Boni Biery of Sustainable Shoreline spoke to the assembly on the importance of backyard habitats.  Boni is the person responsible for educating, assisting, and encouraging enough individuals in Shoreline to certify their yards, that the City of Shoreline, whose Mayor is Keith McGlashan, was able to certify the City of Shoreline with the Wildlife Federation. (See article from NWF) (See article on Boni)

Mayor McGlashan
Mayor Keith McGlashan made the formal presentation of the certificate to Paul Shanahan, co-principal of Echo Lake Elementary.

The celebration provided the opportunity to thank students, parents, teachers, and community members who were involved in the creation of Echo Lake’s native plant garden for their hard work that made the certification possible.

--with information from Susie O'Donnell

3 comments:

Anonymous,  December 19, 2010 at 7:17 PM  

Who's giving the award, and who's receiving it? It looks in the photo like McGlashan received it, even though he had virtually nothing to do with
anything about it.

He knows nothing at all about wildlife, nor does he care a "hoot" about it.
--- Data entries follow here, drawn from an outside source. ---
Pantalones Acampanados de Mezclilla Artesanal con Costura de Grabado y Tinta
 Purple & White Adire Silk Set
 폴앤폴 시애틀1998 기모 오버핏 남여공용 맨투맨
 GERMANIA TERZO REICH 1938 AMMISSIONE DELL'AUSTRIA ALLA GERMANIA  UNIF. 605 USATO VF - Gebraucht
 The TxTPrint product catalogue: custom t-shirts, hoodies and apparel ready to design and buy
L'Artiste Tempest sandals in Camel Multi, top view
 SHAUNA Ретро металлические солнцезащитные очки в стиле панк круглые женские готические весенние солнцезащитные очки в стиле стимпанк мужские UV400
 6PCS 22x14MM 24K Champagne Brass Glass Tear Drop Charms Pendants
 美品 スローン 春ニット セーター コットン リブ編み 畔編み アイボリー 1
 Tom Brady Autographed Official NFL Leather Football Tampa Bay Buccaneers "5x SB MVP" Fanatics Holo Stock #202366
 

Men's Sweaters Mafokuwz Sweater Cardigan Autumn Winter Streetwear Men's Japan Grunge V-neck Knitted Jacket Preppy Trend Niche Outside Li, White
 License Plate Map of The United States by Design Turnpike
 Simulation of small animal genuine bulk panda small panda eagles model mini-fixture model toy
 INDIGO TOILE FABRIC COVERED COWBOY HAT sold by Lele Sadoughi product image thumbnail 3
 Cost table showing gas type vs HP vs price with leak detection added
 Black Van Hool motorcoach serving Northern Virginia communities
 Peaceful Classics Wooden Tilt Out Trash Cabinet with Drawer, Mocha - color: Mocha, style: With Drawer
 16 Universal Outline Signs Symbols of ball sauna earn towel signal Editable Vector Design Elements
Where are the folks who did the work? Donna, Richard, Mom (Teacher?) and kid? Were there other kids involved?

It's great that the school worked on this, but the photo is not clear.

DKH December 19, 2010 at 9:08 PM  

I'll add some details.
Editor

Anonymous,  December 20, 2010 at 7:49 AM  

You know, it's one thing to ask for clarification, quite another to make insulting remarks.

Business and personal request letter writing 101.
Manners 101.

Apparently a skill or art which is lost to some.

Congratulations to Echo Lake School and hooray for the wildlife!